GLOBAL ATTENTION IMPROVES GRAPH NETWORKS GENERALIZATION Anonymous authors Paper under double-blind review

Abstract

This paper advocates incorporating a Low-Rank Global Attention (LRGA) module, a computation and memory efficient variant of the dot-product attention (Vaswani et al., 2017), to Graph Neural Networks (GNNs) for improving their generalization power. To theoretically quantify the generalization properties granted by adding the LRGA module to GNNs, we focus on a specific family of expressive GNNs and show that augmenting it with LRGA provides algorithmic alignment to a powerful graph isomorphism test, namely the 2-Folklore Weisfeiler-Lehman (2-FWL) algorithm. In more detail we: (i) consider the recent Random Graph Neural Network (RGNN) (Sato et al., 2020) framework and prove that it is universal in probability; (ii) show that RGNN augmented with LRGA aligns with 2-FWL update step via polynomial kernels; and (iii) bound the sample complexity of the kernel's feature map when learned with a randomly initialized two-layer MLP. From a practical point of view, augmenting existing GNN layers with LRGA produces state of the art results in current GNN benchmarks. Lastly, we observe that augmenting various GNN architectures with LRGA often closes the performance gap between different models.

1. INTRODUCTION

In many domains, data can be represented as a graph, where entities interact, have meaningful relations and a global structure. The need to be able to infer and gain a better understanding of such data rises in many instances such as social networks, citations and collaborations, chemoinformatics, epidemiology etc. In recent years, along with the major evolution of artificial neural networks, graph learning has also gained a new powerful tool -graph neural networks (GNNs). Since first originated (Gori et al., 2005; Scarselli et al., 2009) as recurrent algorithms, GNNs have become a central interest and the main tool in graph learning. Perhaps the most commonly used family of GNNs are message-passing neural networks (Gilmer et al., 2017) , built by aggregating messages from local neighborhoods at each layer.
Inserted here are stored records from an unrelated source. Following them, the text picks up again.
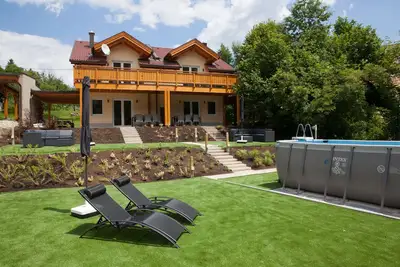Image de Luxury vacation homes with hot tubs, sauna and pool near Italy and Slovenia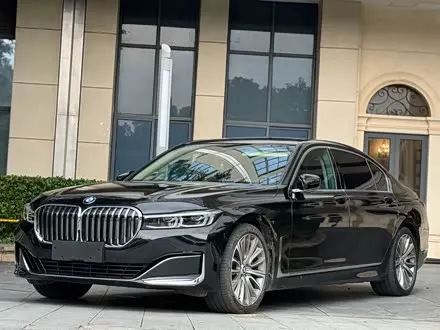 BMW 7 SERIES 2021 — 72 000 км, Китай — под ключ — фото 1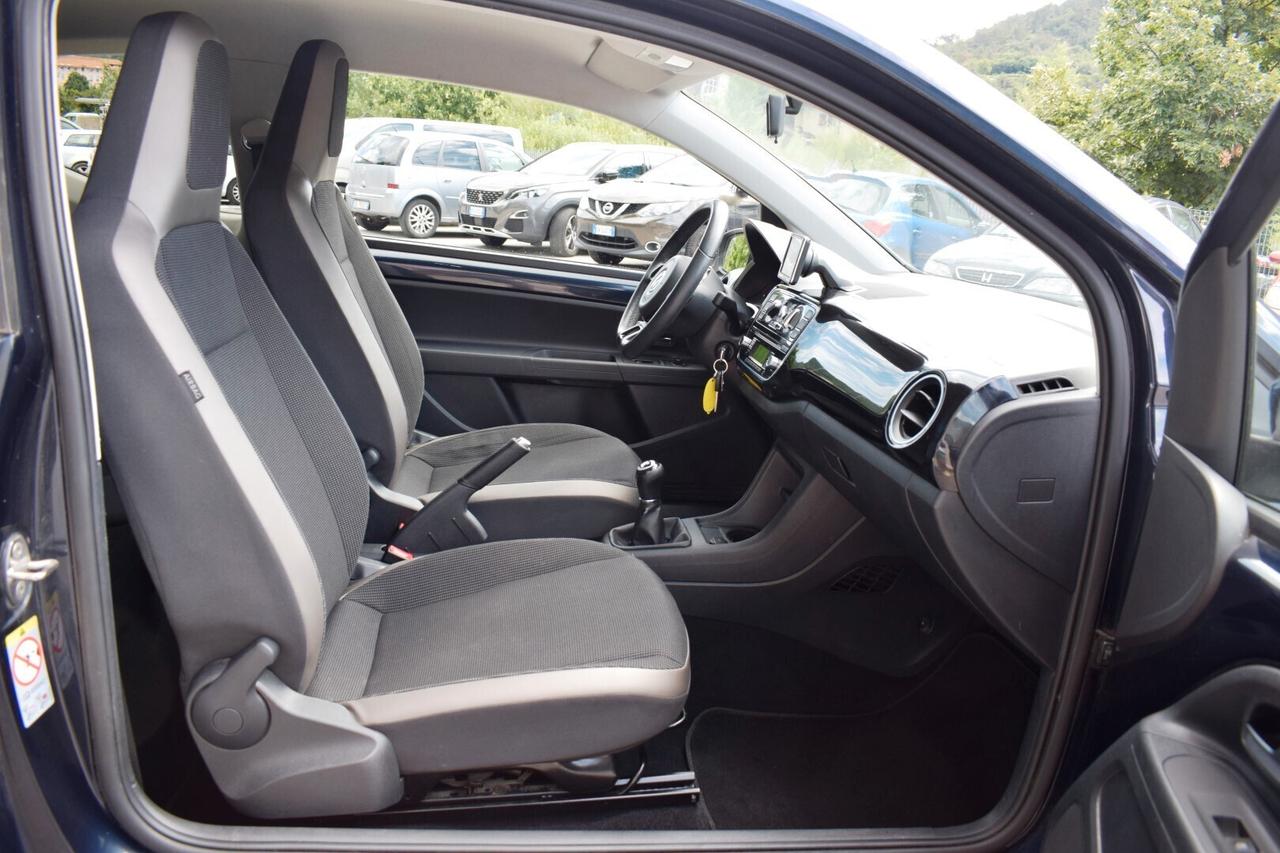 Volkswagen UP! High 1.0 60cv 3p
Since information is only kept at the vertices and propagated via the edges, these models' complexity scales linearly with |V | + |E|, where |V | and |E| are the number of vertices and edges in the graph, respectively. In a recent analysis of the expressive power of such models, (Xu et al., 2019a; Morris et al., 2018) have shown that message-passing neural networks are at most as powerful as the first Weisfeiler-Lehman (WL) test, also known as vertex coloring. The k-WL tests, are a hierarchy of increasing power and complexity algorithms aimed at solving graph isomorphism. This bound on the expressive power of GNNs led to the design of new architectures (Morris et al., 2018; Maron et al., 2019a) mimicking higher orders of the k-WL family, resulting in more powerful, yet complex, models that scale super-linearly in |V | + |E|, hindering their usage for larger graphs. Although expressive power bounds on GNNs exist, empirically in many datasets, GNNs are able to fit the train data well. This indicates that the expressive power of these models might not be the main roadblock to a successful generalization. Therefore, we focus our efforts in this paper on strengthening GNNs from a generalization point of view. Towards improving the generalization of GNNs we propose the Low-Rank Global Attention (LRGA) module which can be augmented to any GNN. Standard dot-product global attention modules (Vaswani et al., 2017) 



apply |V | × |V |